チェリビダッケの1986年東京文化会館のブラームス…
作曲者 : BRAHMS, Johannes 1833-1897 独
曲名  : 交響曲 第4番 ホ短調 Op.98 (1884-85)
演奏者 : セルジュ・チェリビダッケ指揮 ミュンヘン・フィルハーモニー管弦楽団
CD番号 : ALTUS/ALT141〜2

私が九州に住んでいた頃に、セルジュ・チェリビダッケがミュンヘン・フィルハーモニー管弦楽団と来日して、すごいブラームスを聞かせたことが話題となったことがあった。
当時はとても聞きに行ける状況ではなく、諦めるしかなかったのだけれど、こうしてその録音を聞いてみて、その噂が本当だったことを再確認した次第である。
聞き始めてもう金縛りにあったみたいに止められず、結局そのまま最後のパッサカリアまで聞いてしまった。いや凄い演奏だ。構えの大きさがもうその辺の指揮者と格が違うと言うべきだろうか?
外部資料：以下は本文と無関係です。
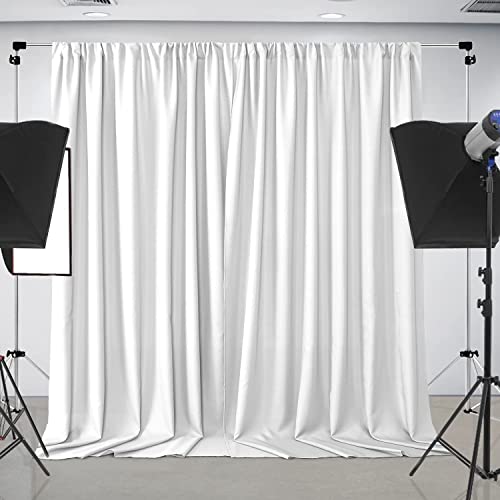 Joydeco White Photography Backdrop Curtains, White Backdrop Drapes for Wedding Decorations, Wrinkle Free Polyester 5ft x 7ft Fabric Drape 2 Panels with Rod Pockets - color: White, size: 5ft x 7ft x 2 panels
チェリビダッケの弟子だった知り合いの指揮者に彼のことを聞いた時、ホールによって響きが異なり、そのホールに一番あった演奏、バランスが大切だと言っていたことを思い出した。
東京文化会館でのライブ。そのホール・トーンを生かしたテンポ設定なのだろう。ゆったりとしたテンポがアンサンブル全体の集中力によって決して間延びせず、次から次へとフレーズが繋がっていく。そしてそれが大きなうねりをもたらしているのだ。
録音はライブながら素晴らしいもので、技術陣も大いに賞賛されてよいだろう。
しかし、このカンタービレ、時折思い切ったラレンタンドやリタルダンドをいれて、深い呼吸(ブレス)からくり出すフレーズの素晴らしさ!!速いテンポの部分をぐいぐいとドライブしつつ、聞かせどころでグイッとブレーキをかけて音楽の緊張を引き出す…。
第2楽章のフワリと宙に浮かぶような出だしをこんな風に聞かせたのは、フルトヴェングラー以来ではないだろうか?
最近、私はシュナイト指揮神奈川フィルの演奏でこの作品の名演を堪能したばかりだが、あの感動は実演なのでまた次元が違うので比べられないけれど、CDで聞くものとしてはまさにベストの演奏だと思う。
これが、今タワーレコードで1050円で売っているのだ。確か最初に出た時はかなりの金額で、すでにシュトゥットガルト放送とのグラモフォン盤を持っていて、それほどのチェリの追っかけでない私は買わずにいたのだけれど、1050円は魅力的!
で購入してみて感動しまくっているのである。
第2楽章は完全にやられてしまった…。まだ在庫ありとあるので、興味をお持ちなら今のうちにどうぞ!